Stored items from a collection
# # # # #

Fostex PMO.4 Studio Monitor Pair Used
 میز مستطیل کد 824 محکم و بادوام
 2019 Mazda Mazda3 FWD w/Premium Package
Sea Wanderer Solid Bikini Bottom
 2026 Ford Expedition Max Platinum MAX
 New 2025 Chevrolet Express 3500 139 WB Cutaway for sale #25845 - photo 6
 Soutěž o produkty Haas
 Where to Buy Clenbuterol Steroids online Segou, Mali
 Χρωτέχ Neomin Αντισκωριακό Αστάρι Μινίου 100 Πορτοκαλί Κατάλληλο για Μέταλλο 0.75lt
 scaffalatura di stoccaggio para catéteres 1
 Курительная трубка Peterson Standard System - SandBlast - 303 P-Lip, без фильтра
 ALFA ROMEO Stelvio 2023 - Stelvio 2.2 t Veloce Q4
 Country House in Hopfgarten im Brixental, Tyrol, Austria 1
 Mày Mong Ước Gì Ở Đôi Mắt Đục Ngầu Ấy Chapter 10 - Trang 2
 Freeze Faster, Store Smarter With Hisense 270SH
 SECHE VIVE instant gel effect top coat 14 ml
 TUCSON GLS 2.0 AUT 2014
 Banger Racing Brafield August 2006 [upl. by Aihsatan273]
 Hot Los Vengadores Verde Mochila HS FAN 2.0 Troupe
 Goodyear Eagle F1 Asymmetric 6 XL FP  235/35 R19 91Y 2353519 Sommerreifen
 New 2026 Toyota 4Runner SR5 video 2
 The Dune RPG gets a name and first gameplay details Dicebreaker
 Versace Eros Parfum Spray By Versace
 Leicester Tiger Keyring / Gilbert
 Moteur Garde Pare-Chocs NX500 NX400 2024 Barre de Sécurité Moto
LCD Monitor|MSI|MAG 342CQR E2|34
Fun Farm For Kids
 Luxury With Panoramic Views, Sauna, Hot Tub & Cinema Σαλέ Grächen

# # # # #

Could you write out, exactly, each line of the data above from the one containing "ALFA ROMEO Stelvio" through the last, including both?

**Result below**
 ALFA ROMEO Stelvio 2023 - Stelvio 2.2 t Veloce Q4
 Country House in Hopfgarten im Brixental, Tyrol, Austria 1
 Mày Mong Ước Gì Ở Đôi Mắt Đục Ngầu Ấy Chapter 10 - Trang 2
 Freeze Faster, Store Smarter With Hisense 270SH
 SECHE VIVE instant gel effect top coat 14 ml
 TUCSON GLS 2.0 AUT 2014
 Banger Racing Brafield August 2006 [upl. by Aihsatan273]
 Hot Los Vengadores Verde Mochila HS FAN 2.0 Troupe
 Goodyear Eagle F1 Asymmetric 6 XL FP  235/35 R19 91Y 2353519 Sommerreifen
 New 2026 Toyota 4Runner SR5 video 2
 The Dune RPG gets a name and first gameplay details Dicebreaker
 Versace Eros Parfum Spray By Versace
 Leicester Tiger Keyring / Gilbert
 Moteur Garde Pare-Chocs NX500 NX400 2024 Barre de Sécurité Moto
LCD Monitor|MSI|MAG 342CQR E2|34
Fun Farm For Kids
 Luxury With Panoramic Views, Sauna, Hot Tub & Cinema Σαλέ Grächen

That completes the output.